Both methods require detailed inputs: construction materials and thicknesses, window types and orientations, occupancy schedules, lighting power densities, equipment heat output, ventilation rates, and local climate data. ASHRAE’s 2025 Handbook of Fundamentals includes significantly expanded climate data tables to reflect current conditions and forecasts, which directly affects the outdoor design temperatures used in these calculations.
Units and Conversions
Because cooling load is energy per unit of time, it’s expressed as a power measurement. The three units you’ll encounter most often are:
- BTU/h (British thermal units per hour): standard in U.S. residential and light commercial work
- kW (kilowatts): used internationally and in larger commercial applications.

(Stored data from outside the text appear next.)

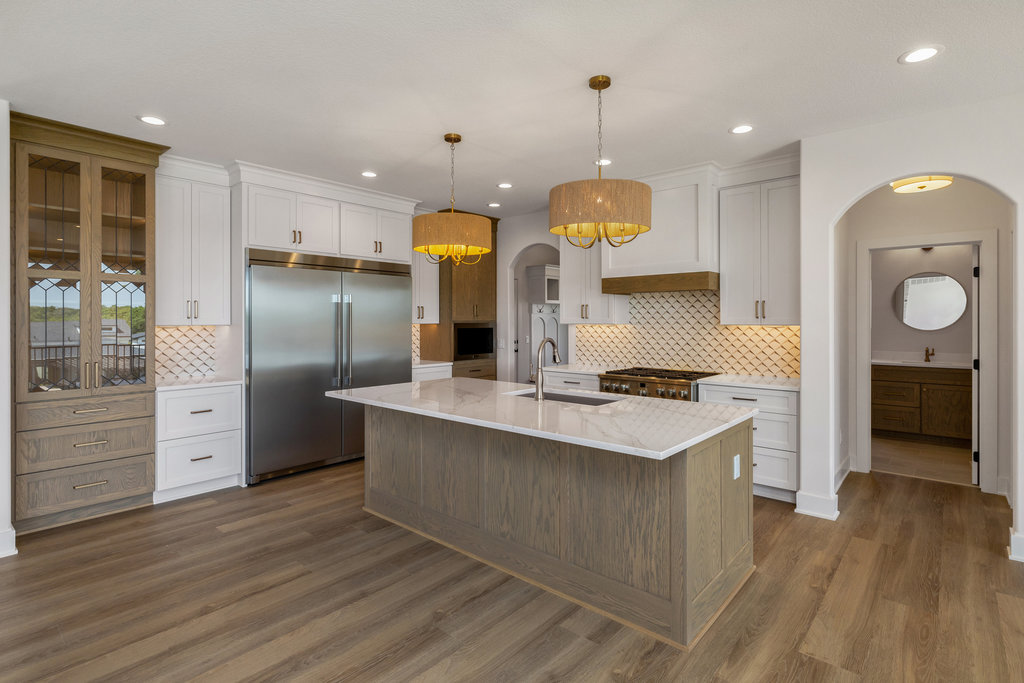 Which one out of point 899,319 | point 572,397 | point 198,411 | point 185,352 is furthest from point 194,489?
point 899,319

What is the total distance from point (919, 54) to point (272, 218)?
4.41 meters

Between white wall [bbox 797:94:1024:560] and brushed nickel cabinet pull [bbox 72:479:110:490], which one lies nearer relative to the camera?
white wall [bbox 797:94:1024:560]

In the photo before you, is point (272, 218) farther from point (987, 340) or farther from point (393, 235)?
point (987, 340)

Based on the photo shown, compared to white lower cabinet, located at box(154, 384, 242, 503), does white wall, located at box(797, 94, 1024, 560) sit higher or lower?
higher

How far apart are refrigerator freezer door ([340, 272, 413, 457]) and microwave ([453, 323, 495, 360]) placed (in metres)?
0.87

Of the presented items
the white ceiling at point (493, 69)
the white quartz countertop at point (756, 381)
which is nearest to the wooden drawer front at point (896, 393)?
the white quartz countertop at point (756, 381)

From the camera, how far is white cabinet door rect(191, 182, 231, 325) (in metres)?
4.30

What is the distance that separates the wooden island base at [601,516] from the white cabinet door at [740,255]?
73.2 inches

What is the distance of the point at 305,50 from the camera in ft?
8.23

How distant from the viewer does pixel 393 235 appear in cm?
546

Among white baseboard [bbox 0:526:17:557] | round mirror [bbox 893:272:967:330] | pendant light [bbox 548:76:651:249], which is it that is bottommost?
white baseboard [bbox 0:526:17:557]

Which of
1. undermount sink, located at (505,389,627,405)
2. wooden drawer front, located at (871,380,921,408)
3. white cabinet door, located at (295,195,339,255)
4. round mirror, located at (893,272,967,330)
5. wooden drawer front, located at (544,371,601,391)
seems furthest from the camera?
round mirror, located at (893,272,967,330)

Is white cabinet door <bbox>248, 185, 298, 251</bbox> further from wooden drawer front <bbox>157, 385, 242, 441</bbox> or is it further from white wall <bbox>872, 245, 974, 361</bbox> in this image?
white wall <bbox>872, 245, 974, 361</bbox>

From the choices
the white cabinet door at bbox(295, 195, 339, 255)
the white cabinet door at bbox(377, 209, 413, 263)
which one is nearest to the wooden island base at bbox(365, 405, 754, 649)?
the white cabinet door at bbox(295, 195, 339, 255) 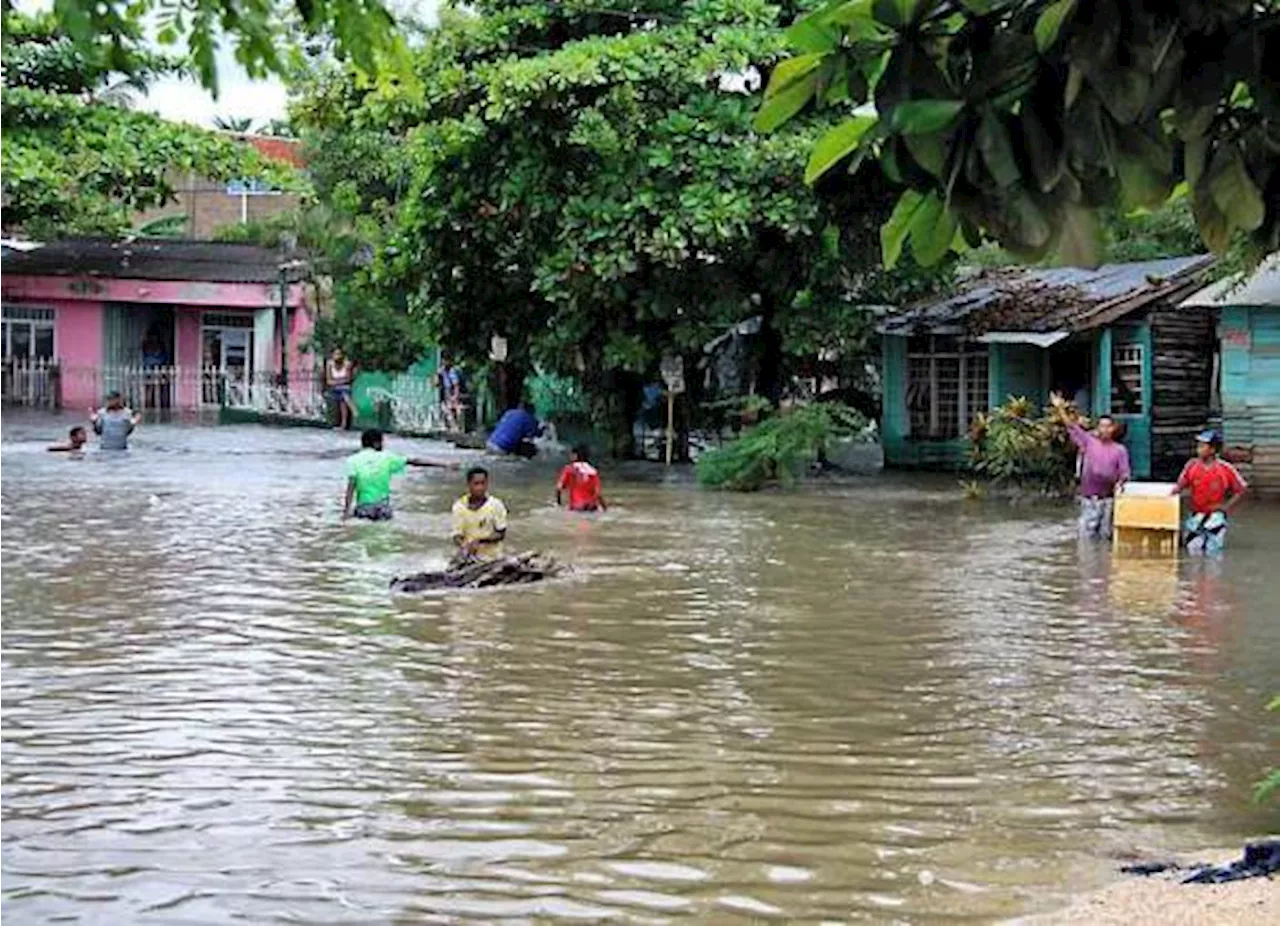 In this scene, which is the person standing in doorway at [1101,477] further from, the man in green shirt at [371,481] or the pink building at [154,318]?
the pink building at [154,318]

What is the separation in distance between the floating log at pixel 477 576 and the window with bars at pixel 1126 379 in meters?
14.0

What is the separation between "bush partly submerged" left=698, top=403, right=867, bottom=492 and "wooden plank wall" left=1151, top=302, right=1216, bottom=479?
4698 mm

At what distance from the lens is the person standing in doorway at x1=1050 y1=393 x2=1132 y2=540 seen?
17.1 metres

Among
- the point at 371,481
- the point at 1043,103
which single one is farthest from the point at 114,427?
the point at 1043,103

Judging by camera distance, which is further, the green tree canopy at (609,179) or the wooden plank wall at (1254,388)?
the wooden plank wall at (1254,388)

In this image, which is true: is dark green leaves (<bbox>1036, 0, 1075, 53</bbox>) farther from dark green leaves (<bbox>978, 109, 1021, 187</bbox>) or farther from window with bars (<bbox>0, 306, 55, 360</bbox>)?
window with bars (<bbox>0, 306, 55, 360</bbox>)

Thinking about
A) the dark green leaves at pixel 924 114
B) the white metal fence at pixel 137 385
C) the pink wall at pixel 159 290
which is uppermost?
the pink wall at pixel 159 290

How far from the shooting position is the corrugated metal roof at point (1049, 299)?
25.1m

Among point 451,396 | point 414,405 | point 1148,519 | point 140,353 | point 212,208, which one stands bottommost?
point 1148,519

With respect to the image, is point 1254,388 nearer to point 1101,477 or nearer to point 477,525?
point 1101,477

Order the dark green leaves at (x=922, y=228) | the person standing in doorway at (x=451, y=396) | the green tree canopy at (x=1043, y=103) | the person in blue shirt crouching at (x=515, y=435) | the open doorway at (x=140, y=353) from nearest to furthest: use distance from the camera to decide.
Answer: the green tree canopy at (x=1043, y=103) → the dark green leaves at (x=922, y=228) → the person in blue shirt crouching at (x=515, y=435) → the person standing in doorway at (x=451, y=396) → the open doorway at (x=140, y=353)

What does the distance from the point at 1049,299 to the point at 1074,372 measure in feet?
4.73

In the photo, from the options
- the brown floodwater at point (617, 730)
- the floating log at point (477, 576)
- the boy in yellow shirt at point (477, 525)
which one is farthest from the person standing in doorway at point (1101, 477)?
the boy in yellow shirt at point (477, 525)

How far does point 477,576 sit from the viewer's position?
524 inches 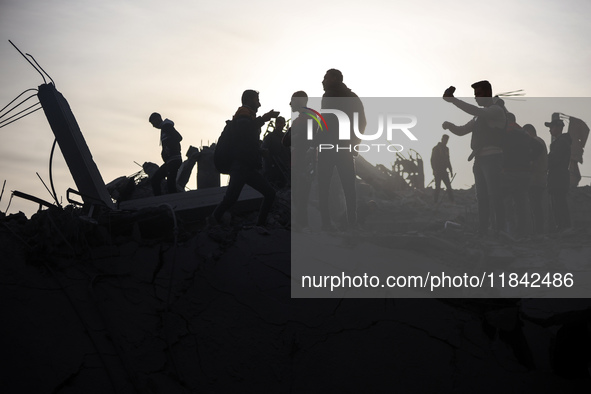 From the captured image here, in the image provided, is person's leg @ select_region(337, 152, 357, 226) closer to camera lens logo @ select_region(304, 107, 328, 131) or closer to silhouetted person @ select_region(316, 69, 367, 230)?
silhouetted person @ select_region(316, 69, 367, 230)

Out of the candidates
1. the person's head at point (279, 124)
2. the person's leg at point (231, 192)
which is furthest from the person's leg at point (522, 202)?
the person's leg at point (231, 192)

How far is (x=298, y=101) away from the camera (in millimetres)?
7289

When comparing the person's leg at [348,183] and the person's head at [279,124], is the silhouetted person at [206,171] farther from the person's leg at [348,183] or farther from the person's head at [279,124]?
the person's leg at [348,183]

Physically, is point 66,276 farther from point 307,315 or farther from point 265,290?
point 307,315

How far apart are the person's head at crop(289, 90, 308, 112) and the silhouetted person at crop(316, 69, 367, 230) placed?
0.32 m

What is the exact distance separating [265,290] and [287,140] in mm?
2107

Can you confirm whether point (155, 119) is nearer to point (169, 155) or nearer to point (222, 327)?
point (169, 155)

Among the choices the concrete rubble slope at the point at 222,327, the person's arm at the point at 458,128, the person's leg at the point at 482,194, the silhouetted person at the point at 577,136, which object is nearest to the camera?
the concrete rubble slope at the point at 222,327

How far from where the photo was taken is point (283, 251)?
19.8 ft

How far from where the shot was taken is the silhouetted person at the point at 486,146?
7250mm

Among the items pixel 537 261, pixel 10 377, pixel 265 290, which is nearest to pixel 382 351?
pixel 265 290

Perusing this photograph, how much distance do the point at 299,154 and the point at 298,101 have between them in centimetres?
60

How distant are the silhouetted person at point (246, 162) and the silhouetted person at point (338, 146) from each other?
24.9 inches

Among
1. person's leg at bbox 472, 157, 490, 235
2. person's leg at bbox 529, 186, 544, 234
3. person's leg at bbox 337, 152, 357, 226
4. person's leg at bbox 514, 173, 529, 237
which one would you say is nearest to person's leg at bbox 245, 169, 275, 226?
person's leg at bbox 337, 152, 357, 226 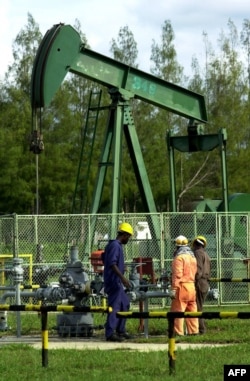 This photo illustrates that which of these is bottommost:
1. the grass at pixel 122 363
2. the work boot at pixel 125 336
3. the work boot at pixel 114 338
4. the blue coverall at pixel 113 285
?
the grass at pixel 122 363

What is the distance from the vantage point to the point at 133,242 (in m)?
25.8

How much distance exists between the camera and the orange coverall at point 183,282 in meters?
17.9

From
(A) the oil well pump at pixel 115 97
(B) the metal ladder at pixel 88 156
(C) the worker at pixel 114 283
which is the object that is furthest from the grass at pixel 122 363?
(B) the metal ladder at pixel 88 156

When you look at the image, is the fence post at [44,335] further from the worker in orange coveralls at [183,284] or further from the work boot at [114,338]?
the worker in orange coveralls at [183,284]

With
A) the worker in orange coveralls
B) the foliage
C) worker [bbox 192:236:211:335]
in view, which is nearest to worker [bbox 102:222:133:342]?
the worker in orange coveralls

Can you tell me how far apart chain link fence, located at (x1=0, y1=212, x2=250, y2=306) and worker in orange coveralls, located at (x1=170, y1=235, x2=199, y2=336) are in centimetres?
554

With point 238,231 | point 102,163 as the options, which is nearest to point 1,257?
point 102,163

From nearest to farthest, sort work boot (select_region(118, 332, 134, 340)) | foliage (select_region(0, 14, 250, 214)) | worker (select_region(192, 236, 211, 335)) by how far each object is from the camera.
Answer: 1. work boot (select_region(118, 332, 134, 340))
2. worker (select_region(192, 236, 211, 335))
3. foliage (select_region(0, 14, 250, 214))

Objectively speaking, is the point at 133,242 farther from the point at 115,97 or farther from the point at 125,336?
the point at 125,336

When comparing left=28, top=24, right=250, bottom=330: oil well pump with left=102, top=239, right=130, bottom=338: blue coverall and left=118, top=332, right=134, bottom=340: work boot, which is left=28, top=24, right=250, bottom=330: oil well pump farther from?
left=102, top=239, right=130, bottom=338: blue coverall

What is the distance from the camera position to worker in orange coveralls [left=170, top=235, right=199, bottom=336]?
58.6 feet

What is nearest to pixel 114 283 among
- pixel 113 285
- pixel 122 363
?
pixel 113 285

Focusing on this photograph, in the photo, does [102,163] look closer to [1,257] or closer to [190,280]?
[1,257]

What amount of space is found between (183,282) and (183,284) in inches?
1.2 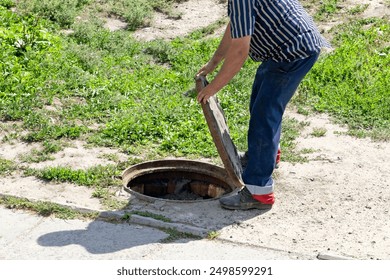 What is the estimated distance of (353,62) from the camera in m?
11.1

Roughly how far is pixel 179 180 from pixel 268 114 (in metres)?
1.44

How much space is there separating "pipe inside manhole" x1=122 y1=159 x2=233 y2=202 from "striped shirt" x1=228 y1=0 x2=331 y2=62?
144cm

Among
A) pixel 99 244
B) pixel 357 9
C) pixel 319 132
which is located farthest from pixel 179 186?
pixel 357 9

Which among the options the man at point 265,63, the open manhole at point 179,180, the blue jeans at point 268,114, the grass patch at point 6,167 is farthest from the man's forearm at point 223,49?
the grass patch at point 6,167

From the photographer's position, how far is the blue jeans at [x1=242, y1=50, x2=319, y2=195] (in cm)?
765

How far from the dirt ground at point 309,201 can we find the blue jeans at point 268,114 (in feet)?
0.95

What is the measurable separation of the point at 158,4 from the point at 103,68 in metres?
2.52

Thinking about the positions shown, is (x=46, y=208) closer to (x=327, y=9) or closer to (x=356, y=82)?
(x=356, y=82)

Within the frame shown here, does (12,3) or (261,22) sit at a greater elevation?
(261,22)

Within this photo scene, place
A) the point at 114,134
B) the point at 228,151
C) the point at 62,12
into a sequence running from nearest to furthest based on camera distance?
the point at 228,151, the point at 114,134, the point at 62,12

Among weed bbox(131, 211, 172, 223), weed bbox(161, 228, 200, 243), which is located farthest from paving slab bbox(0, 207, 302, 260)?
Answer: weed bbox(131, 211, 172, 223)

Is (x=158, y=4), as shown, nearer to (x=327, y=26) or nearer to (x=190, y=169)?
(x=327, y=26)

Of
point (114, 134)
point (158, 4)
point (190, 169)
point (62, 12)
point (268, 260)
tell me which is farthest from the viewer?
point (158, 4)

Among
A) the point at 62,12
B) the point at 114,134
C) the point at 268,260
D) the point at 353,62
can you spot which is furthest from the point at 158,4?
the point at 268,260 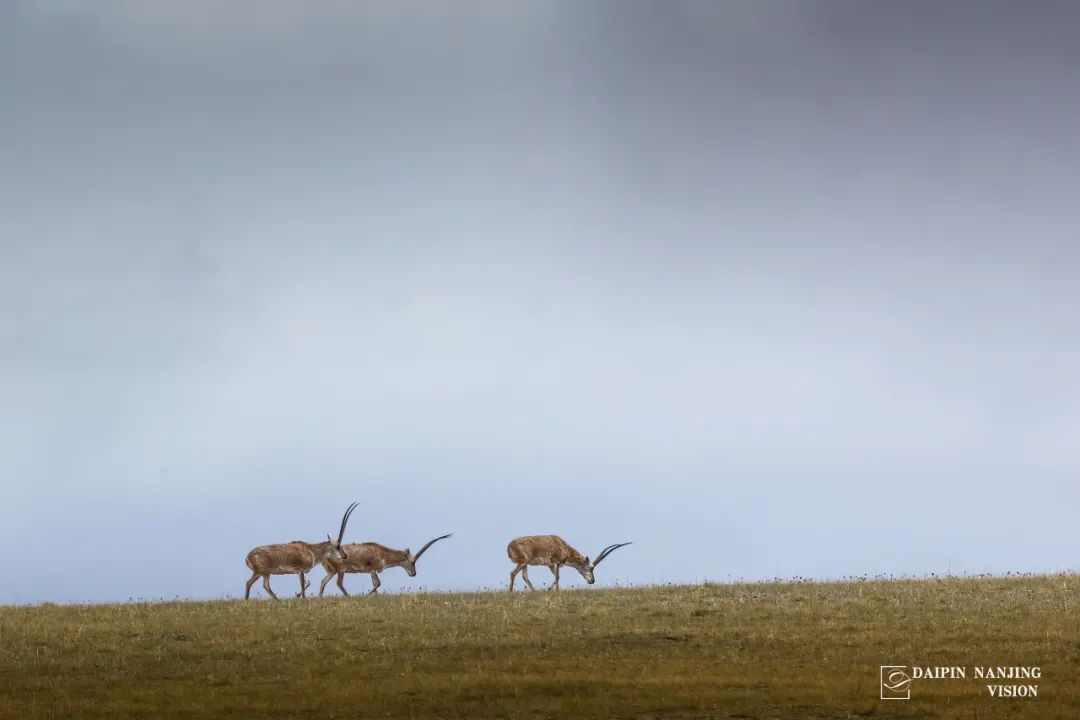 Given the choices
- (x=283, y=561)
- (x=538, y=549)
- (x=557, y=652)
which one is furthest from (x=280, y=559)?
(x=557, y=652)

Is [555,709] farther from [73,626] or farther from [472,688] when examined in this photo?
[73,626]

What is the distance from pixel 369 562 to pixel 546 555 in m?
5.11

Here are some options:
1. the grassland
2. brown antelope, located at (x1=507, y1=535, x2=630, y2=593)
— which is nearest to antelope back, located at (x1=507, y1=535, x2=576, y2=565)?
brown antelope, located at (x1=507, y1=535, x2=630, y2=593)

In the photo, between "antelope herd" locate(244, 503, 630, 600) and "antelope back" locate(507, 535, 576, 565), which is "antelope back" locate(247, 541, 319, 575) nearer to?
"antelope herd" locate(244, 503, 630, 600)

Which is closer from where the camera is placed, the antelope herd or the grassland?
the grassland

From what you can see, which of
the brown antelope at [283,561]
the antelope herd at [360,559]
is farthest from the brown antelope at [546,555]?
the brown antelope at [283,561]

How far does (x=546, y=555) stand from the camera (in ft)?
125

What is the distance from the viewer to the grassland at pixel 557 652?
62.7 ft

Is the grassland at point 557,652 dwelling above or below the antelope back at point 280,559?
below

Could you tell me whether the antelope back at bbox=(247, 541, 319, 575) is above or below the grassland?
above

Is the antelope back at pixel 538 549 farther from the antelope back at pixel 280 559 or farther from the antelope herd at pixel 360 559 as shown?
the antelope back at pixel 280 559

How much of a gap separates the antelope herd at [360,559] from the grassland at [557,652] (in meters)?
3.53

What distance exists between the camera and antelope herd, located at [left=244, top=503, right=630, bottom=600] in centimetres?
3572

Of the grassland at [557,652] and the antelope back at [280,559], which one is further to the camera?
the antelope back at [280,559] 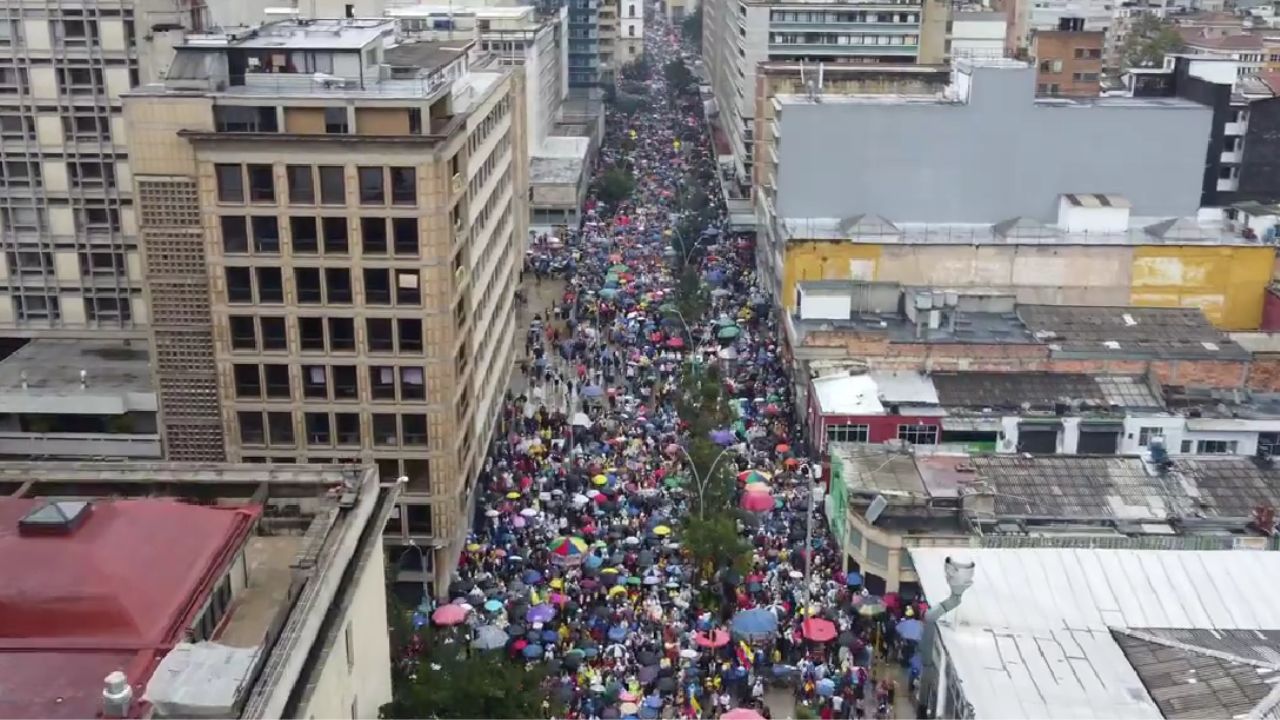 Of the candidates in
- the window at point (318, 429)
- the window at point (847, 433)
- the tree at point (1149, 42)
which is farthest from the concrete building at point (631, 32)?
the window at point (318, 429)

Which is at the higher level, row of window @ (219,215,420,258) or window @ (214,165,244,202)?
window @ (214,165,244,202)

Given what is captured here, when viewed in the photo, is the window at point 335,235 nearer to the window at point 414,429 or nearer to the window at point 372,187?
the window at point 372,187

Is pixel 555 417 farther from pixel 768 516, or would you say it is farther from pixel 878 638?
pixel 878 638

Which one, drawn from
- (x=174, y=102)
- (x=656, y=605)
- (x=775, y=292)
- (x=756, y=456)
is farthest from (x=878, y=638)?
(x=775, y=292)

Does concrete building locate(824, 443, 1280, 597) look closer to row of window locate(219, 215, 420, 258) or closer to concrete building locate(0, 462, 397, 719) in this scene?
row of window locate(219, 215, 420, 258)

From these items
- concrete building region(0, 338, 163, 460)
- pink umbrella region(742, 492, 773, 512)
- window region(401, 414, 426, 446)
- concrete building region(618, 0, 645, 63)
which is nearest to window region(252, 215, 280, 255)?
window region(401, 414, 426, 446) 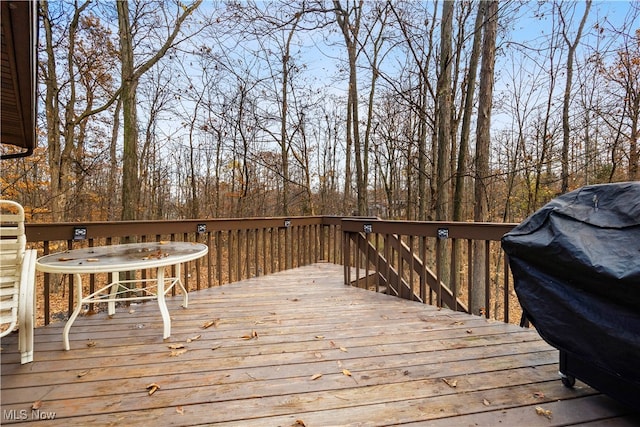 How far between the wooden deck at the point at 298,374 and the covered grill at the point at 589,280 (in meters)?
0.32

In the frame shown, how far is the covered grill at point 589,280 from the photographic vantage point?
1276mm

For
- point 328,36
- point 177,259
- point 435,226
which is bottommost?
point 177,259

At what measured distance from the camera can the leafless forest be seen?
219 inches

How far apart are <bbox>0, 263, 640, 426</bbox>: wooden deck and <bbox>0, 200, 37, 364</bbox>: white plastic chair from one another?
0.23 m

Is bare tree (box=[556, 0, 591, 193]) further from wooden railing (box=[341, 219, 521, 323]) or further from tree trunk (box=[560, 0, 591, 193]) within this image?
wooden railing (box=[341, 219, 521, 323])

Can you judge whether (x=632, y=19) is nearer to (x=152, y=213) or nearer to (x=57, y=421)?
(x=57, y=421)

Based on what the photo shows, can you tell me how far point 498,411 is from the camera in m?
1.53

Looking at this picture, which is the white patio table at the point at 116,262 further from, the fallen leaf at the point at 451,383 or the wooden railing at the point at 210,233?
the fallen leaf at the point at 451,383

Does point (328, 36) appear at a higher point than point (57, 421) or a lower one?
higher

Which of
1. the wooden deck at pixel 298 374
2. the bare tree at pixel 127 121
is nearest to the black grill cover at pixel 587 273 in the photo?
the wooden deck at pixel 298 374

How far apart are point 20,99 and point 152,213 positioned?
916 centimetres

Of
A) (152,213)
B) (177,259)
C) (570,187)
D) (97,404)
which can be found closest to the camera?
(97,404)

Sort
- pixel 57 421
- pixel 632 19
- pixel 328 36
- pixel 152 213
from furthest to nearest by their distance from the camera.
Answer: pixel 152 213 → pixel 328 36 → pixel 632 19 → pixel 57 421

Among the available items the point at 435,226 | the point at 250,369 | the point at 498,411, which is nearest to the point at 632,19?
the point at 435,226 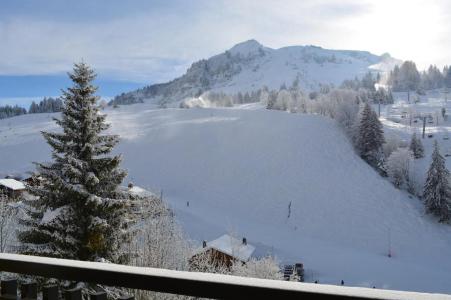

One kW equals 3,412 BTU/h.
- Tons of refrigeration: common in U.S. commercial HVAC. One ton equals 12,000 BTU/h, or about 3.5 kW.
A typical home might have a cooling load of 24,000 to 60,000 BTU/h (2 to 5 tons). A large office building could require hundreds or even thousands of tons. The number depends entirely on the building’s size, construction, location, and use.
Why Accurate Cooling Load Matters
Getting the cooling load right affects energy bills, comfort, equipment lifespan, and humidity control. A properly sized system runs longer cycles at lower intensity, which removes more moisture from indoor air and maintains steadier temperatures. It also avoids the wear and tear of constant on-off cycling that comes with oversized equipment.
Different building types have very different cooling profiles. Hospitals require 25 cubic feet per minute of outside air per person for patient rooms, compared to 20 cfm per person for offices and 15 cfm per person for classrooms and theaters. Retail stores are measured differently, at 0.2 to 0.3 cfm per square foot of floor area. Each of these ventilation requirements adds directly to the cooling load, because every cubic foot of hot, humid outdoor air introduced into a building is air that the cooling system must condition.
Climate change is also shifting cooling loads upward in many regions. Updated weather data, like the expanded datasets in ASHRAE’s 2025 edition, reflects higher design temperatures and changing humidity patterns. A building designed using climate data from 20 years ago may be under-cooled by today’s standards, which is one reason load calculations should use the most current data available.